I gave it no thought at all and simply regarded it as quite normal when they took me to Heathrow and gave me into the care of stranger who looked and spoke rather like Lulu, but was in fact, the BEA air hostess who was to chaperone me. I remember very little about the aircraft and the flight. There was of course no in-flight film, or indeed any sort of entertainment – so I amused myself by looking out the window and pretending the clouds were castles as they gradually passed by. There must have been some sort of meal though because I distinctly remember the individual cardboard salt and pepper pots that were provided and my joy at keeping those as souvenirs of the flight. By far my strongest memory though was after landing being taken and shown the cockpit by my stewardess. I was fascinated by the almost overwhelming array of buttons, switches and dials but the thing that struck me most was the dark blueness of the captain’s jacket and the easy way he was chatting to my chaperone. Someday, I decided, I would gain access to their world.
The buggy had still not arrived, so I stood up to see if there was any help in sight. The rest of the club members were either out on the runway, busy working the launch point or working the winching system. I could just see the buggy retrieving one of the gliders from the far end of the airfield. Above it, I thought I could make out a tiny speck, slowly circling over the wheat field at the end of the runway. Periodically the speck seemed to blur a little. The kestrel was having to flap its wings occasionally. I was happy to wait a while for the day to warm up and the thermals to strengthen so I lay down in the shade and turned my thoughts to the past again.
It was a warm evening in September 1987. I was a member of that summer’s ‘Friday Evening’ group – an assorted collection of accountants, hairdressers, bank managers, farmers, pensioners and others who spent each Friday evening operating the winch and learning to fly in simple, wooden, 2 seater gliders, making short circuits around the airfield, often of only a few minutes. Each member of the group generally had three flights and then spent the rest of the evening helping the others fly, retrieving gliders from the various odd places they landed on the airfield. The group had a couple of experienced glider pilots, each with a full instructor’s rating. One was a Polish emigre, Jan Wysocki, who reputedly never flew without a preliminary vodka, a habit he was said to have formed when flying Hurricanes in the war and which he never saw any subsequent need to stop. My instructor was John Williams, who worked as a confectionary salesman for Mars, and who split his time between teaching people both powered and soaring flight and restoring vintage MGs.

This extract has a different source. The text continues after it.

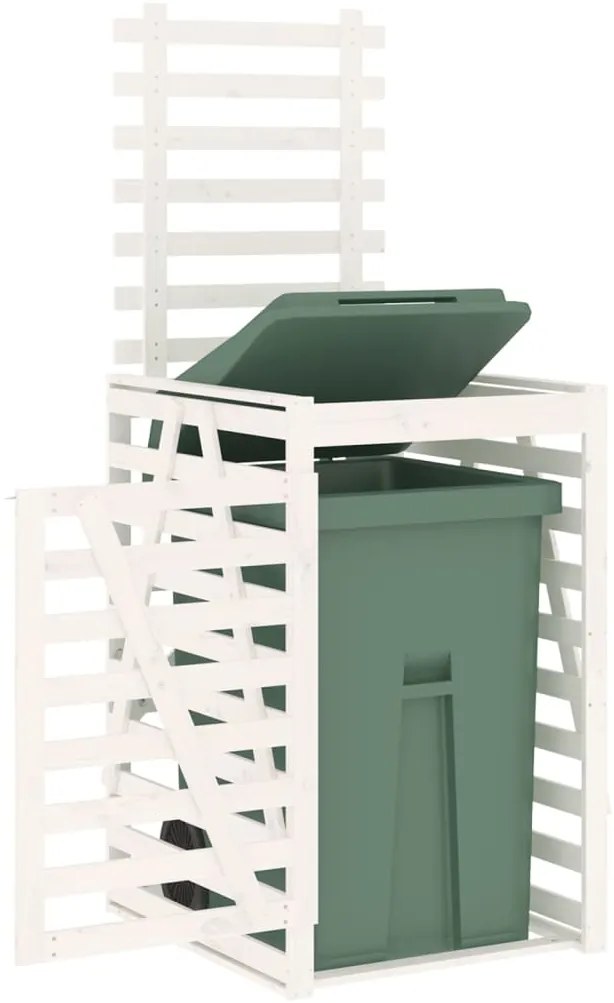 Abrigo para caixote do lixo 84x90x128,5 cm pinho maciço branco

He was a popular instructor, not least for his inexhaustible supply of chocolate bars.
Under his careful tutelage I had gradually worked my way through the various lessons and flying exercises in the British Gliding Association syllabus. After 42 flights and 400 minutes in the air I had managed to get a tick in all the necessary boxes on the pre-solo progress card. That night I had already had two flights, the second of which had been a simulated cable break – a favourite trick of the instructor in which they pulled the cable release at some unexpected point in the launch, perhaps only when the glider was three or four hundred feet in the air.
They then waited to see if the student followed the appropriate
recovery procedure. Basically, this meant moving the control stick forward to manoeuvre the glider from its steep launch climb back to level flight while maintaining sufficient speed for the air to continue to generate lift as it passed over the wings. But the instructor did not wait too long - if the student did not respond fast enough, then they suffered the ignominy of the instructor taking over the controls and demonstrating what was required.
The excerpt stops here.